At some point in our lives we’ve ventured into a local sporting
goods store to purchase something for our kids, whether it be to
wear, kick, shoot or hit something. Or quite possibly, to just get
away from our kids!
At some point in our lives we’ve ventured into a local sporting goods store to purchase something for our kids, whether it be to wear, kick, shoot or hit something. Or quite possibly, to just get away from our kids!

We might have even bought a gas powered airplane so we could spend a leisurely Sunday at the park retrieving it as it smashed into some guys backyard. In retrospect, that $199 we shelved out on aeronautics was not well spent since most future aviators can’t figure out the flying directions until the plane is broken.

Most of the time, though, we’re buying things at the last moment because we discovered what the team colors are the day before the first game, we’ve gotten the wrong size soccer ball or we learned that you can’t wear baseball cleats on a basketball court.

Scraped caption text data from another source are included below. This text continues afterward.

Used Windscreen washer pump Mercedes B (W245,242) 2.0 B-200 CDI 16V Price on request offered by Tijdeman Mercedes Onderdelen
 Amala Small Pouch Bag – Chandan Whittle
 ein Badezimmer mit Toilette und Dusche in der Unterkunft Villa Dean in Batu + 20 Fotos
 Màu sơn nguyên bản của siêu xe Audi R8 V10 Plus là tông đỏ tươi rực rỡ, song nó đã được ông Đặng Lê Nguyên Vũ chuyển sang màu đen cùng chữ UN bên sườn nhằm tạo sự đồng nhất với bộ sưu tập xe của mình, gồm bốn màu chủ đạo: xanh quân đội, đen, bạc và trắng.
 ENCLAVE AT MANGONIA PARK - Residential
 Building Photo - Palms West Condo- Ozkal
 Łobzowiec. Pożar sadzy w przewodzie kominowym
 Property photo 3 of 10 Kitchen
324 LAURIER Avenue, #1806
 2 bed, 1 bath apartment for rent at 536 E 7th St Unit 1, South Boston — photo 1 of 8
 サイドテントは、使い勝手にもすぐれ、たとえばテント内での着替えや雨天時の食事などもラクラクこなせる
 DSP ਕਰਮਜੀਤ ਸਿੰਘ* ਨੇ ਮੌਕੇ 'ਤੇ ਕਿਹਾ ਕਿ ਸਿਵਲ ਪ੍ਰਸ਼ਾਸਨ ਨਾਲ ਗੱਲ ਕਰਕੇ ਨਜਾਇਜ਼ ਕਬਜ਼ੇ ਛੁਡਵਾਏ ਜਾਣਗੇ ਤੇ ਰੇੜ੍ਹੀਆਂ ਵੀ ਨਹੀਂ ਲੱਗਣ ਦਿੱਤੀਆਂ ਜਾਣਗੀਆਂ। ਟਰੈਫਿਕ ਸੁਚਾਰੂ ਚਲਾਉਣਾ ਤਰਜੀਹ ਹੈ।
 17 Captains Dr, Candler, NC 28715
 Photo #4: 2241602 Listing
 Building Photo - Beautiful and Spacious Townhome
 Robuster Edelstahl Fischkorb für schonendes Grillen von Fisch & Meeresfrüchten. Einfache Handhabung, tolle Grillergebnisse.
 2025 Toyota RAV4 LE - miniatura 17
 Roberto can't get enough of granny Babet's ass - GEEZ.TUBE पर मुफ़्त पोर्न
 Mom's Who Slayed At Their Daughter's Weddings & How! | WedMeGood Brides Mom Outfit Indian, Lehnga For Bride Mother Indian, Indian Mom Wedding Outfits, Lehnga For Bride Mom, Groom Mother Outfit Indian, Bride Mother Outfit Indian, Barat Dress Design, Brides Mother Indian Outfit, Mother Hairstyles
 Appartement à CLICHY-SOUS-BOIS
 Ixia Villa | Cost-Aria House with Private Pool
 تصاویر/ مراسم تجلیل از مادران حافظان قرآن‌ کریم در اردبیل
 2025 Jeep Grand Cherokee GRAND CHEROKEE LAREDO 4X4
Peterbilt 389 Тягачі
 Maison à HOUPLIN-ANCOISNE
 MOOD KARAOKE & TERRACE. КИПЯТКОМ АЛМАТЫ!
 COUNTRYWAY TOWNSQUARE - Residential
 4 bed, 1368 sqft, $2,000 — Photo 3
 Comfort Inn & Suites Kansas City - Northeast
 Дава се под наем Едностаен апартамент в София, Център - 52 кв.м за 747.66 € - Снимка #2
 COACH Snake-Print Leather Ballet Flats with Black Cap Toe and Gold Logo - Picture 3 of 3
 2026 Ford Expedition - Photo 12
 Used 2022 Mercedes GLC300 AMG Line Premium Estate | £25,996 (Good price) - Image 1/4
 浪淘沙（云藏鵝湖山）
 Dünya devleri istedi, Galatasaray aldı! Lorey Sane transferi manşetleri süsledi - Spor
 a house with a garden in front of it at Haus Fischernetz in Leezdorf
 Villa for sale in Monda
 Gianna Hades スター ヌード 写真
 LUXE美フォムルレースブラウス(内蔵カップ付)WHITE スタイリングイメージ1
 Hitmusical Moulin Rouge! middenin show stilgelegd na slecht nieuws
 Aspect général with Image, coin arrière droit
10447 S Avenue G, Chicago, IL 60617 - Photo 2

In a recent quest for a significant amount of equipment and apparel to outfit different siblings in my family, I felt I was on a safari into the unknown. Shirts for hot weather, cold weather, rain, sleet, ice, droughts or sliding pants for Astroturf or grass fields had me baffled.

Believe me, some of the things I uncovered and discovered left me laughing and curious as to what would pop up at the next corner. Our world has become so intricate that you can’t even enjoy putting a few balls because each putter looks like it was designed by a rocket scientist who’s never been on a golf course in his life.

Walking into the baseball and softball section left me bewildered because it seems you can purchase over a thousand things you’ll use only once and then send it to the discard pile in your garage or shed. There for the taking is Dr. Glove, Hot Glove Treatment and a lacing kit. I guess if the glove was as hard as a brick the Hot Glove Treatment would lessen the chance for an error.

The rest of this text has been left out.